Required work:
For every record, give an exact copy that has no pictures in it.
===== Extracted material
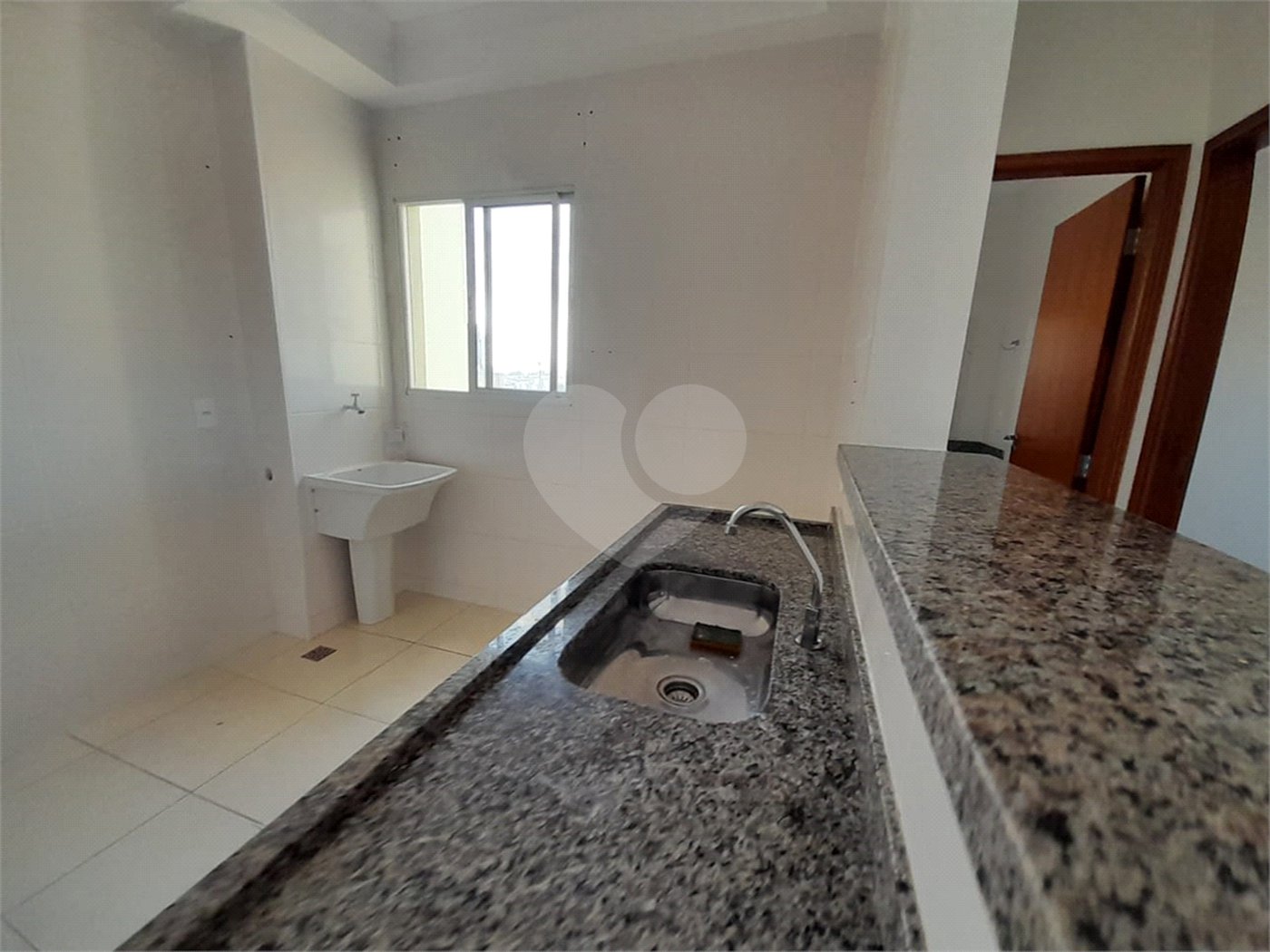 Apartamento à Venda no Edifício Abiathar – Localização Privilegiada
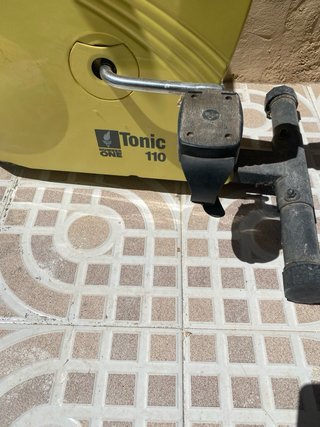 Bicicleta Estática Tonic 110 Amarilla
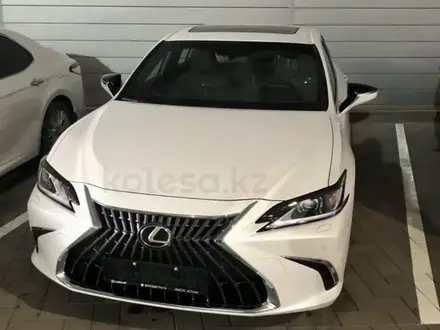 Lexus ES 250 2022 года за 24 500 000 тг. в Тараз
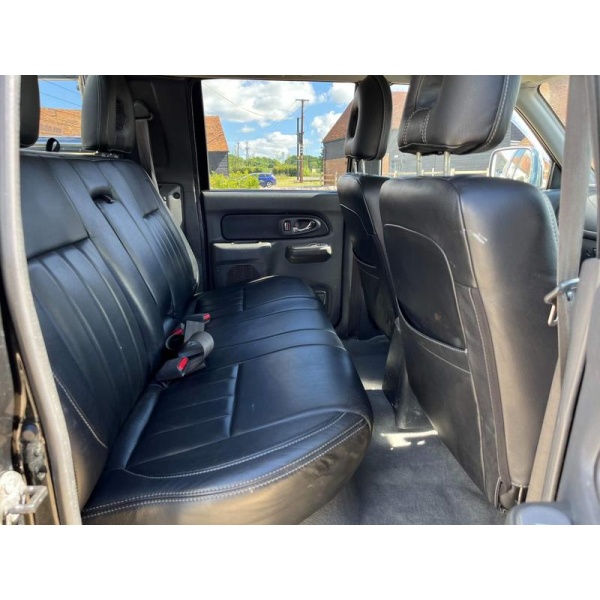 Mitsubishi L200 - 2.5 TD Warrior Pickup 4dr Diesel Manual (113 bhp)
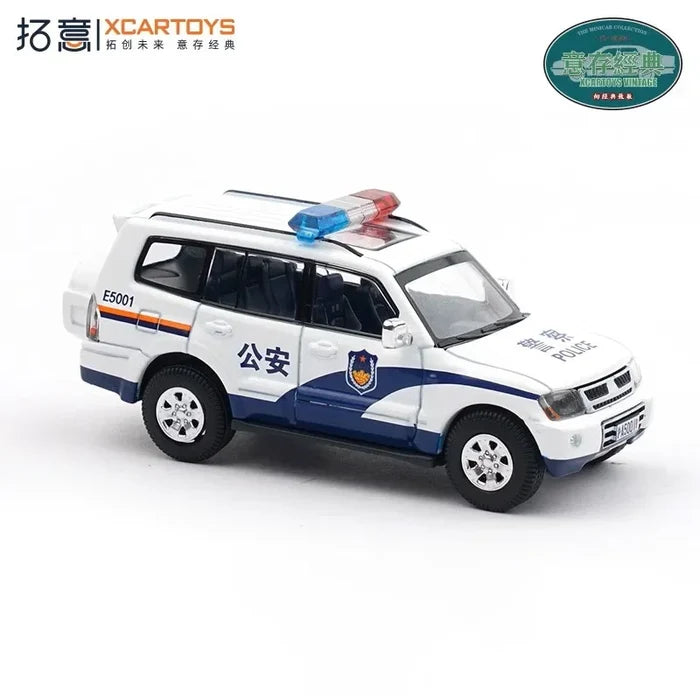 Xcartoys 1:64 Pajero Gen.3 Police Diecast Model Car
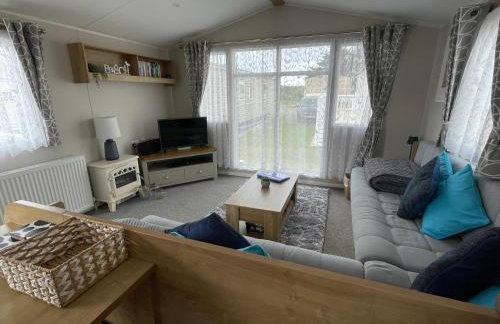 Golden Dunes Retreat, Dog-Friendly Stay at Par Sands Holiday Park, Cornwall - Photo 10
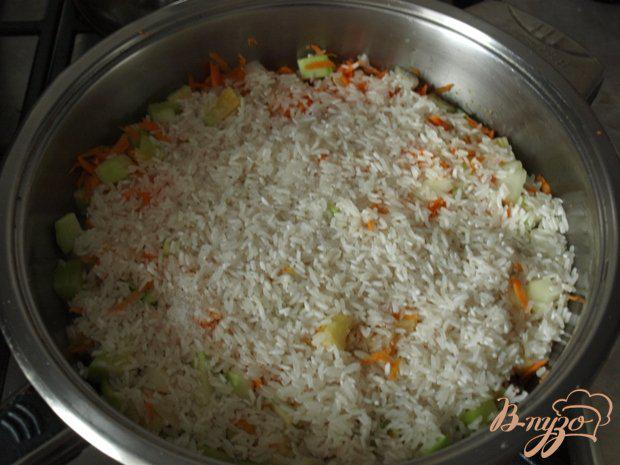Фото приготовление рецепта: Рис «под шубой» из перца и помидор на овощной подушке шаг №3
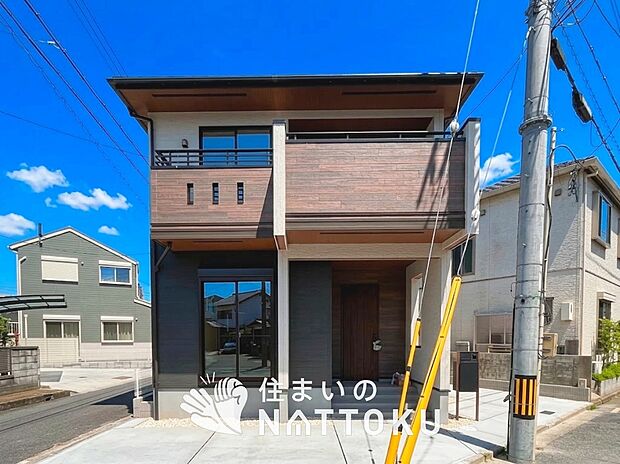 【現地写真（外観）】耐震等級最高「３」取得で基準の１.５倍の性能・耐震強度で安心できます。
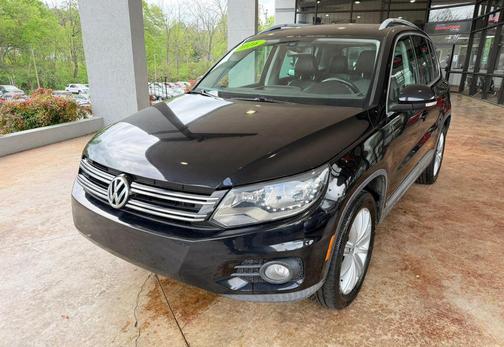 Deep Black Pearl 2016 Volkswagen Tiguan SE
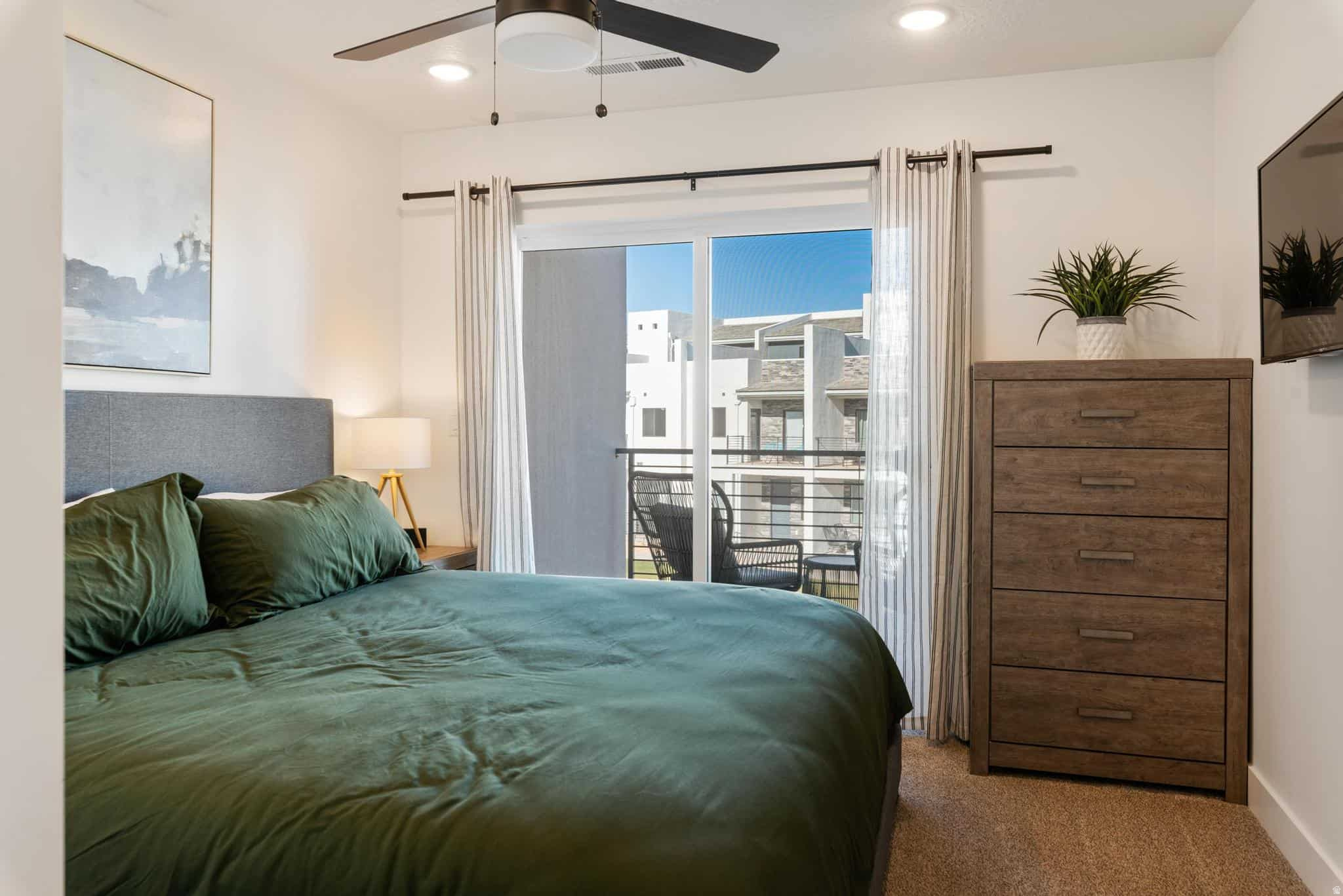 DESERT COLOR SKYLINE COMDOMINIUM PLAT - Residential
==========
Task output:
 Apartamento à Venda no Edifício Abiathar – Localização Privilegiada
 Bicicleta Estática Tonic 110 Amarilla
 Lexus ES 250 2022 года за 24 500 000 тг. в Тараз
 Mitsubishi L200 - 2.5 TD Warrior Pickup 4dr Diesel Manual (113 bhp)
 Xcartoys 1:64 Pajero Gen.3 Police Diecast Model Car
 Golden Dunes Retreat, Dog-Friendly Stay at Par Sands Holiday Park, Cornwall - Photo 10
Фото приготовление рецепта: Рис «под шубой» из перца и помидор на овощной подушке шаг №3
 【現地写真（外観）】耐震等級最高「３」取得で基準の１.５倍の性能・耐震強度で安心できます。
 Deep Black Pearl 2016 Volkswagen Tiguan SE
 DESERT COLOR SKYLINE COMDOMINIUM PLAT - Residential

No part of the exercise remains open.